- _Goal of the exercise_:
Please reproduce the lines from the one containing "Quality 19900kg 21Tons" through the end of the data below exactly as they stand, and omit all pictures.
::: Available records :::
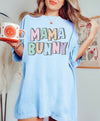 Comfort Colors® Retro Mama Bunny Graphic Tee
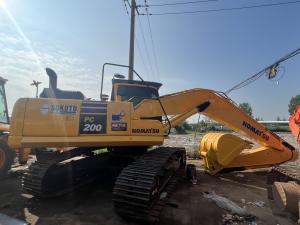 Quality 19900kg 21Tons Used Komatsu Excavator Pc200 Digging Fast Walking wholesale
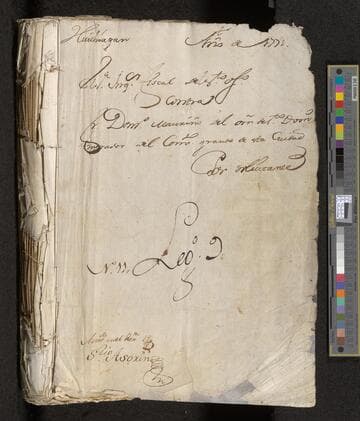 Trial of Fray Domingo Mauriño for soliciting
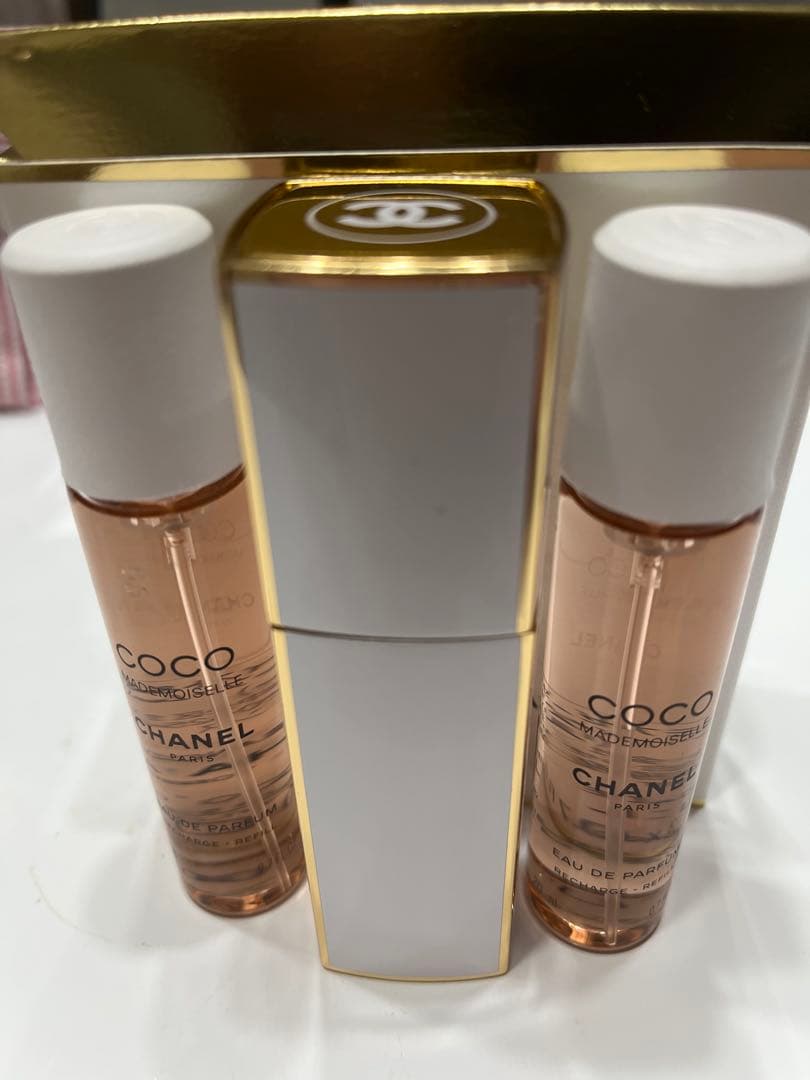 CHANEL COCO ツイストアンドスプレー　オードプァルフアム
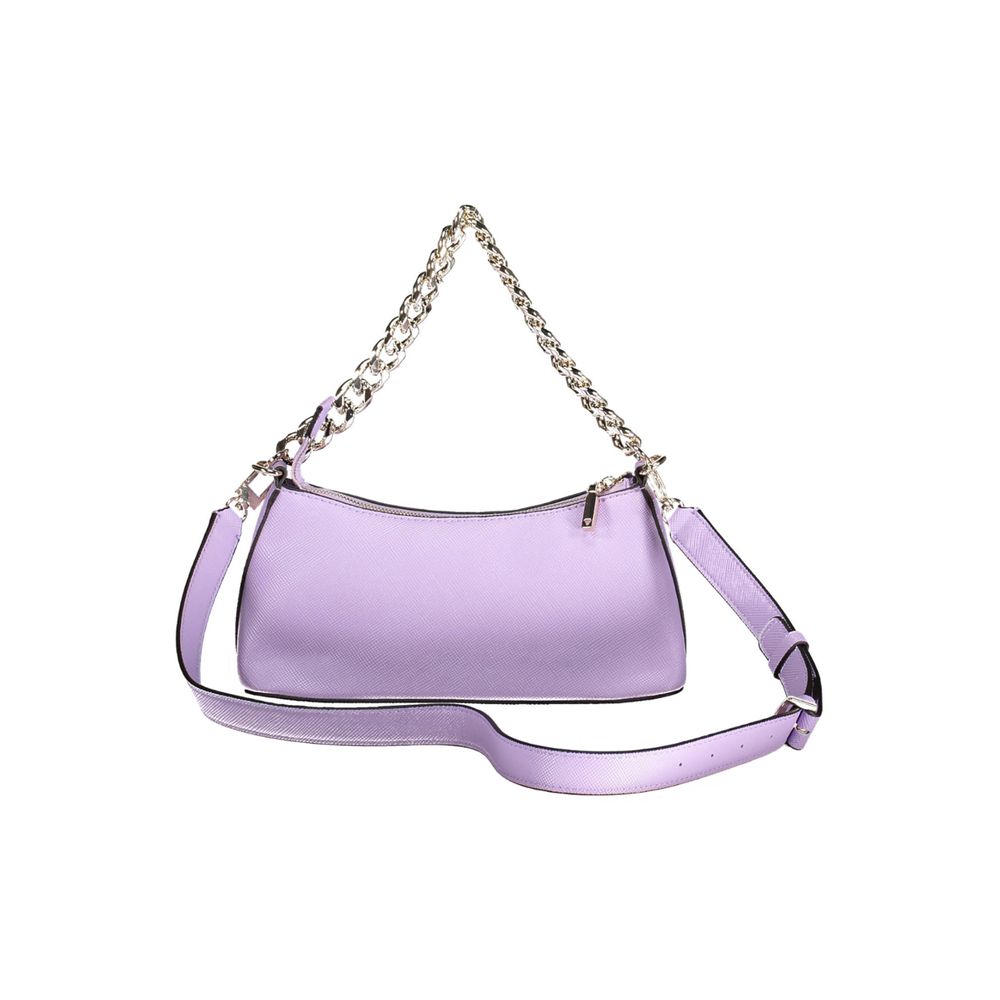 Guess Jeans Purple Polyethylene Handbag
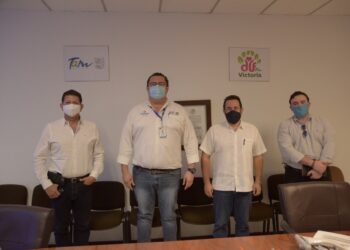 Se reúne Gerente de COMAPA Victoria con dirigentes empresariales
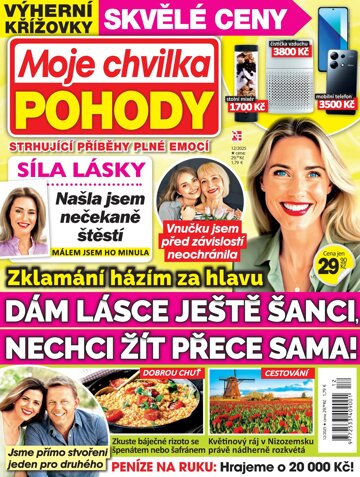 Obálka e-magazínu Moje chvilka pohody 12/2025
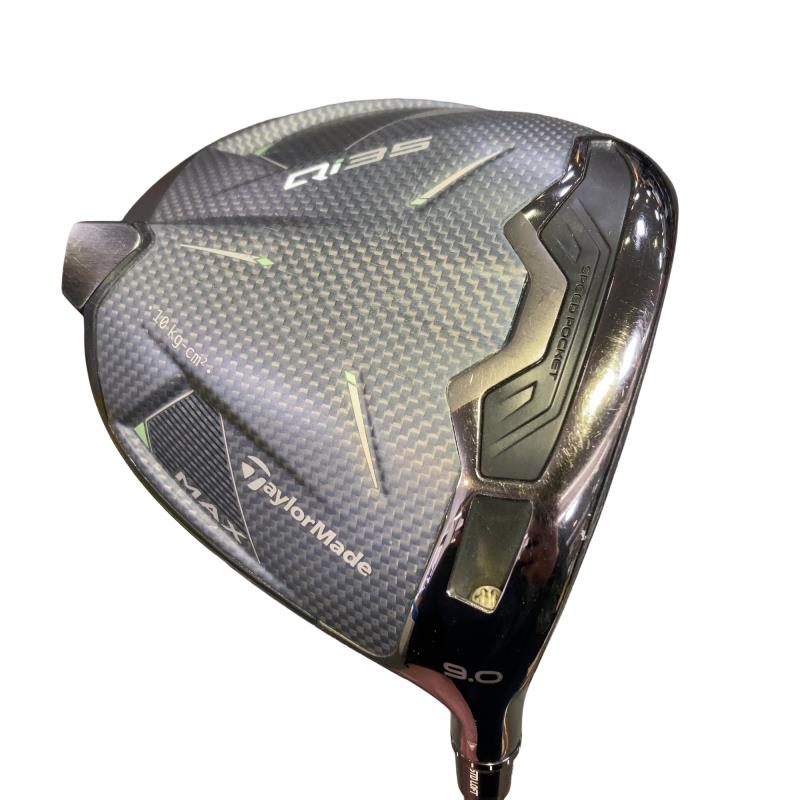 【中古】 テーラーメイド Qi35 MAX 9° ドライバー DR Diamana BLUE TM50(Qi35 DR) (フレックスS) メンズ 男性用 右利き 右用 Bランク ゴルフクラブ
:::
- _Answer space_:
 Quality 19900kg 21Tons Used Komatsu Excavator Pc200 Digging Fast Walking wholesale
 Trial of Fray Domingo Mauriño for soliciting
 CHANEL COCO ツイストアンドスプレー　オードプァルフアム
 Guess Jeans Purple Polyethylene Handbag
 Se reúne Gerente de COMAPA Victoria con dirigentes empresariales
 Obálka e-magazínu Moje chvilka pohody 12/2025
 【中古】 テーラーメイド Qi35 MAX 9° ドライバー DR Diamana BLUE TM50(Qi35 DR) (フレックスS) メンズ 男性用 右利き 右用 Bランク ゴルフクラブ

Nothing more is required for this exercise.